Deda Misha talked about how the camps were everywhere, even in the center of Magadan. Sonya hadn’t known that. Barbed wire and dogs barking in the cold. If a prisoner lost a game of cards, upon release he had to kill on such and such date the tenth person he encounters on an evening walk. Or be killed. The Gulag’s criminal network reached everywhere. Released prisoners lived in flotsam shanties or manholes and stole food from first-floor kitchens. If a prisoner escaped, the whole town would be on lockdown while soldiers hunted him down.

“Tea’s ready,” Sonya said. She tried to imagine barbed wire in her neighborhood.

“Pour for us, Sonya, and ask if your father wants some.”

“He’s sleeping.” She poured the brew into two cups and added hot water. Her legs, from the knees down, were leaden. She parted the curtains again. Max’s windows were still dark.

“Tell me about Makin. Nothing scary, please.”

“Nothing scary, eh? When I arrived, the head of personnel talked to me, saw that I was Ukrainian — all the best petroleum engineers are Ukrainians — and decided not to send me to the mines … I will skip a few years. I became the director of the gas and petroleum depots in Magadan. I always preferred to be in the middle of the action, not in the office with the papers and the telephone. I traveled all over the region, and what situations I got into I can’t begin to describe. Some near-deaths even, in the beautiful and cruel far north. I worked hard, I love working. Back then there was real enthusiasm among the young people. They didn’t work just for the money. I’ve been lucky to meet many interesting people in my life, and I always stayed open-minded. People sense your interest and open up, Sonya. In Magadan, it wasn’t just Makin. The whole Kolyma was a living museum of Soviet history.”

Sonya yawned and sipped her tea while Deda Misha talked about all the people who were there in connection with the Kirov case. Whatever that was. Then he droned on about his coworkers — someone who used to be a senior engineer of some plant in Ukraine and was now a secretary, or someone with a German last name who used to be the director of the largest something in Leningrad and now shoveled coal. “I was twenty-six, but they never showed any bitterness or let me feel I didn’t deserve my authority. They always tried to help me.”

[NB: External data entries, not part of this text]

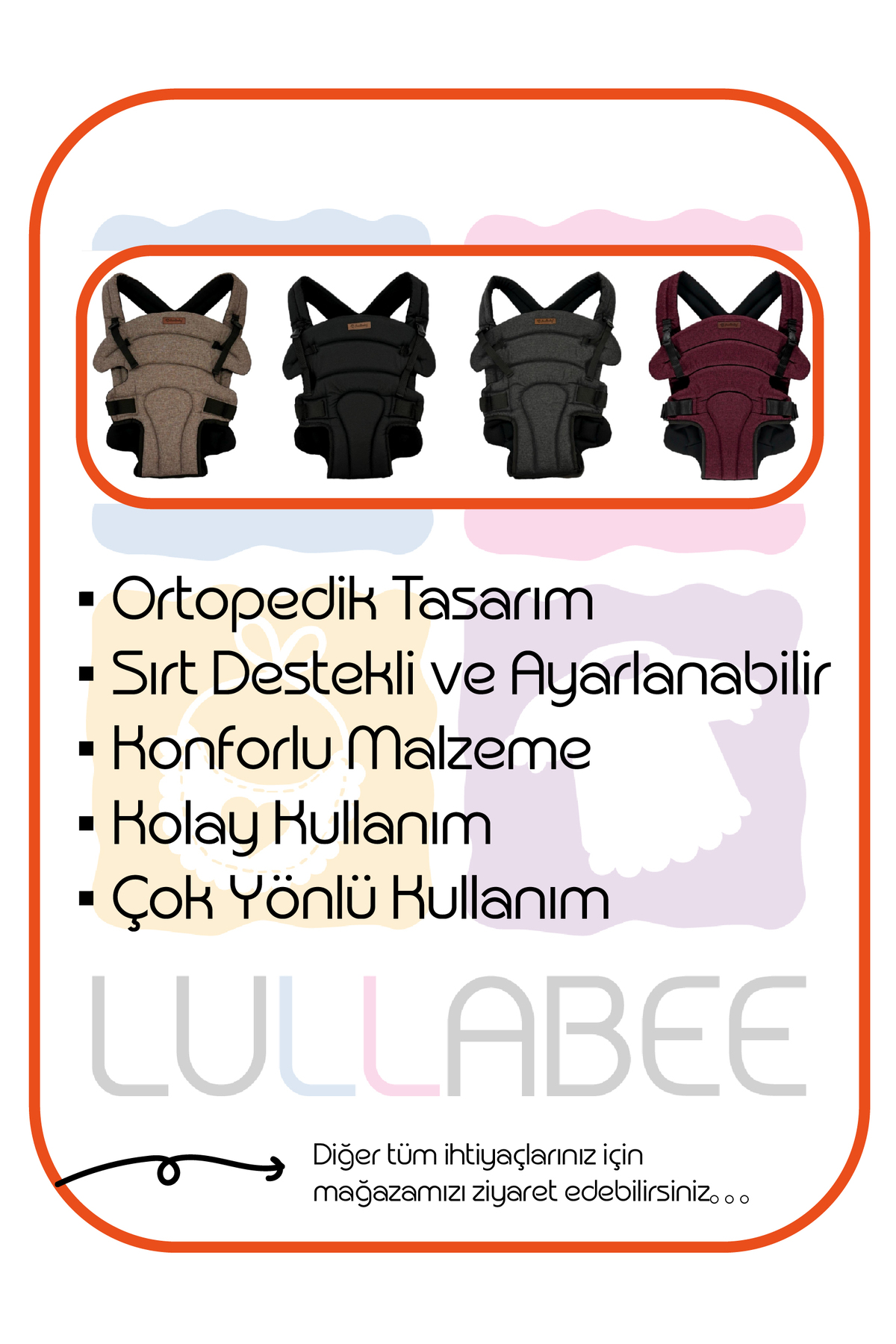 lullabee Ortopedik ve Sırt Destekli Ayarlanabilir Bebek Taşıma Kanguru - Konforlu Sling Anakucağı fotoğrafı 3 (önizleme)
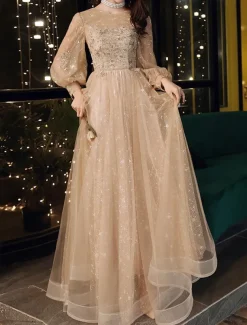 A-Line Prom Dresses Cute Dress Wedding Guest Party Wear Floor Length Long Sleeve Jewel Neck Tulle with Sequin Appliques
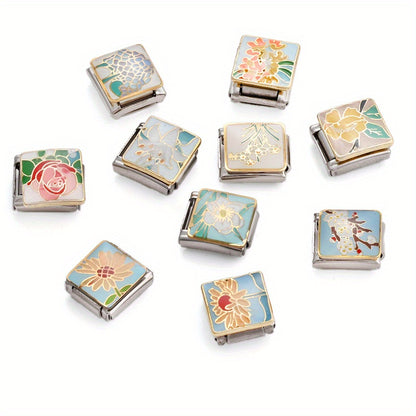 1pc 9x10mm Stainless Steel Landscape Painting Module Bead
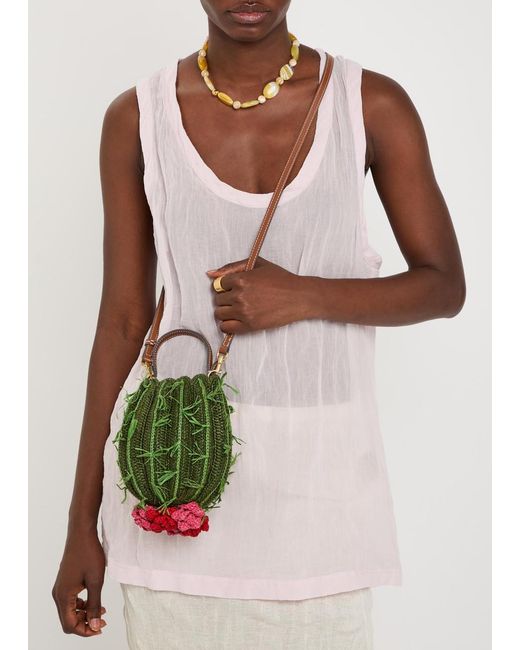 Anya Hindmarch Green Cactus Raffia And Leather Cross-Body Bag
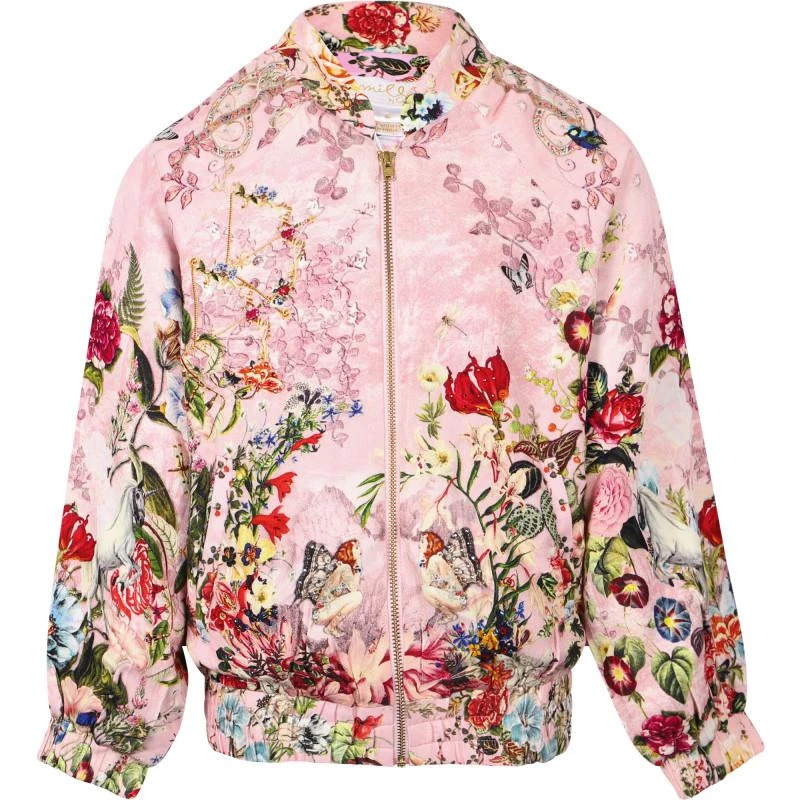 商品Camilla|Young hearts print zipped jacket in pink,价格¥3074,第1张图片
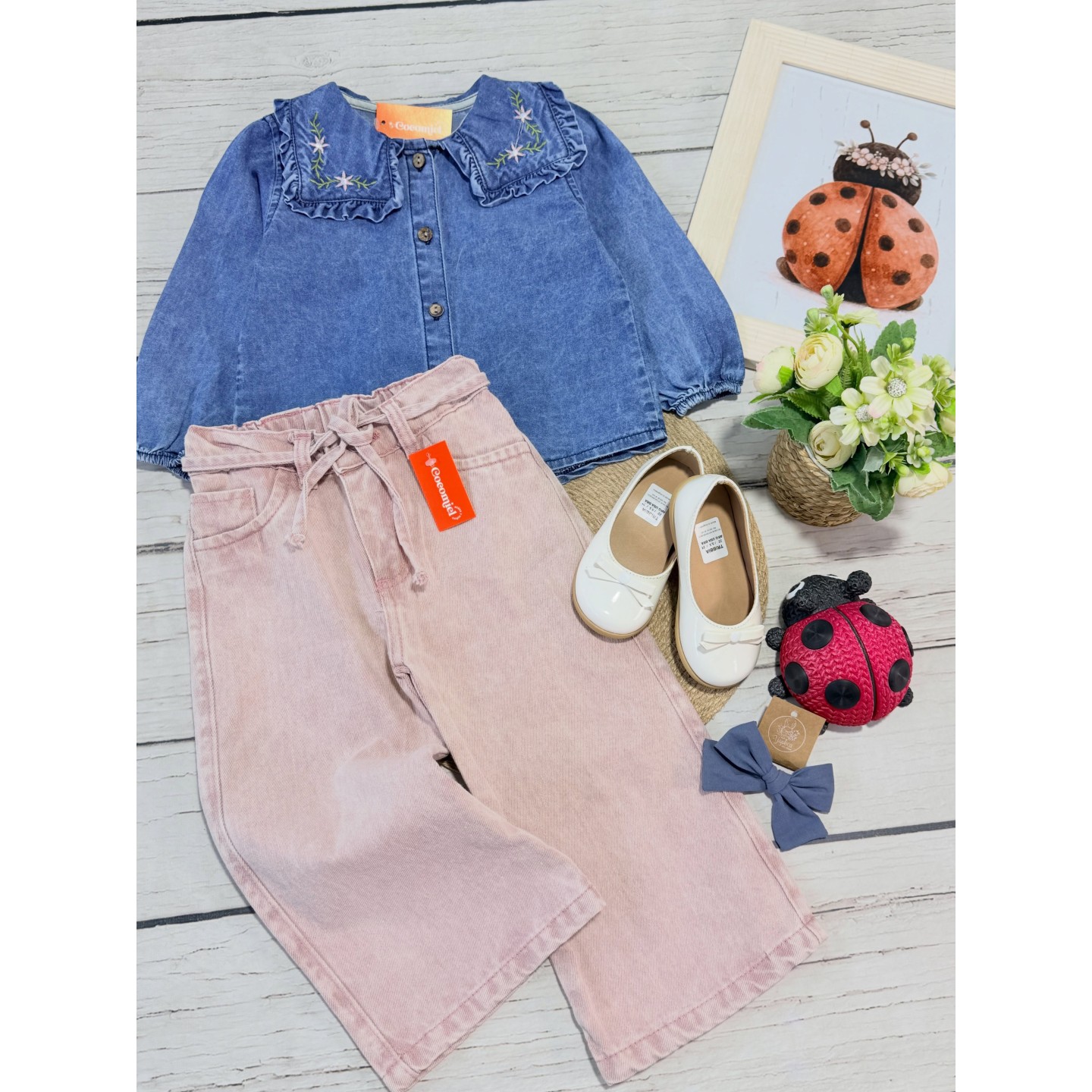 Camisas y pantalones de gabardina para bebas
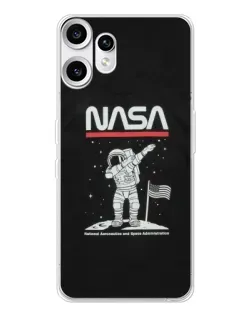Чехол для Nothing CMF Phone 2 Pro с картинкой «NASA — шагаем по Луне»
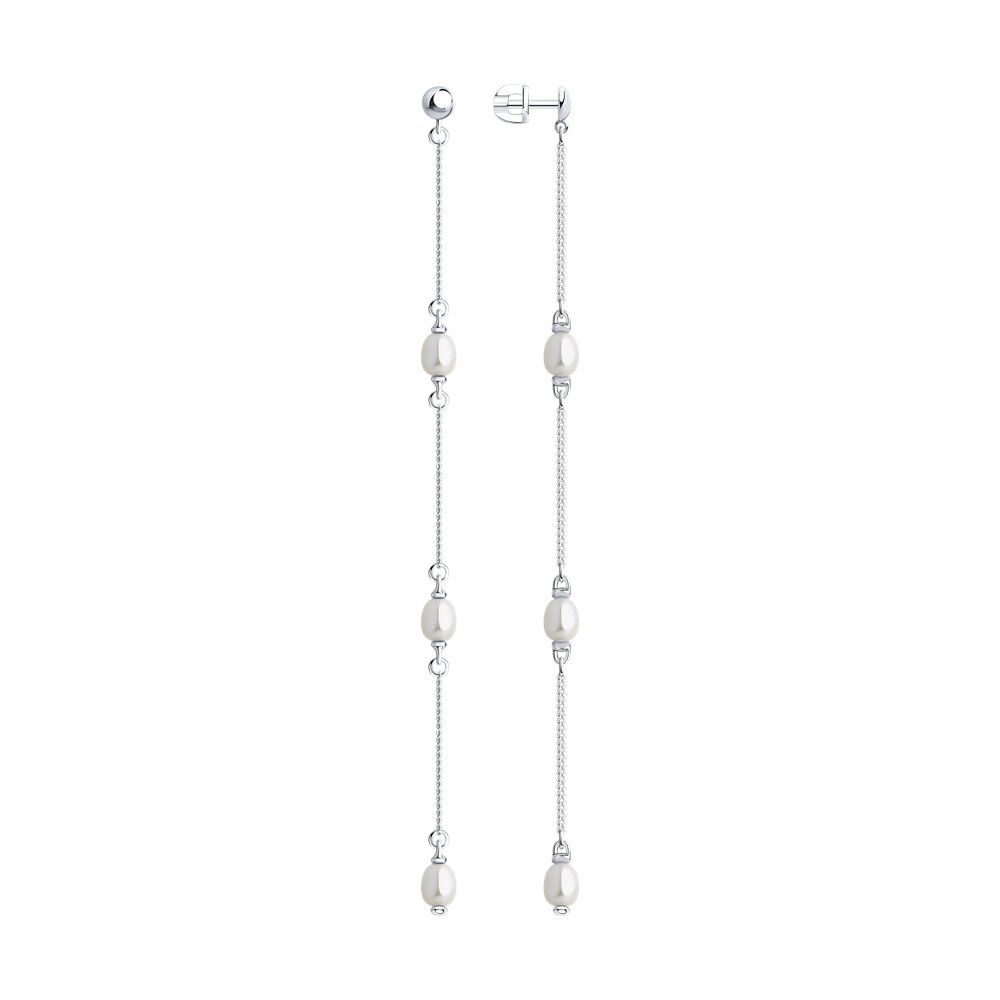 

Серьги подвески из серебра SOKOLOV 92022597, жемчуг культивированный, 92022597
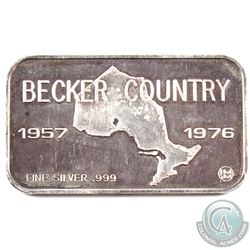 Ultra Scarce! 1957-1976 Johnson Matthey & Mallory 'Becker Milk co' 1oz Fine Silver Bar (TAX Exempt).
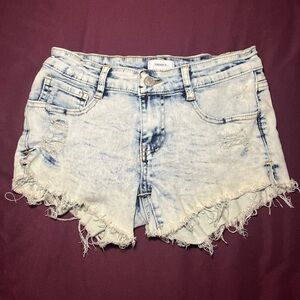 Forever 21 Light Blue Distressed Jean Shorts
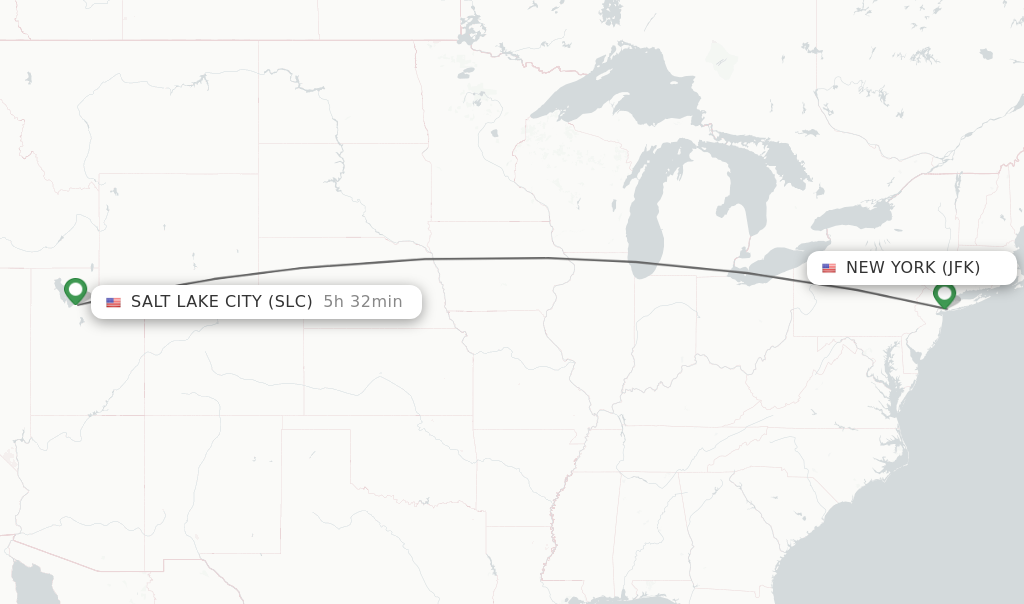 Flights from New York to Salt Lake City route map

Sonya stared inside her teacup, where the tea leaves swirled like big, black snowflakes. “Deda, what about—”

“At the depot where I’d worked for twenty years, I had four hundred and forty people under me. New specialists who had just graduated from the universities on the continent, former camp guards and prisoners, and people who were still in the camps serving their sentences, and always I was proactive. Whenever I needed anything, a good-quality wall newspaper to celebrate the holidays or mark the progress of our headquarters, I went to the camps — a friend of mine was a behavioral counselor at one of them — and had my pick of the best artists and poets. I reconciled husbands and wives, rebuilt families, helped people quit smoking and vodka. I organized the construction of houses for my workers. I was a matchmaker to young people and arranged for them to move into studio apartments to have their privacy. And always I wanted to do more.”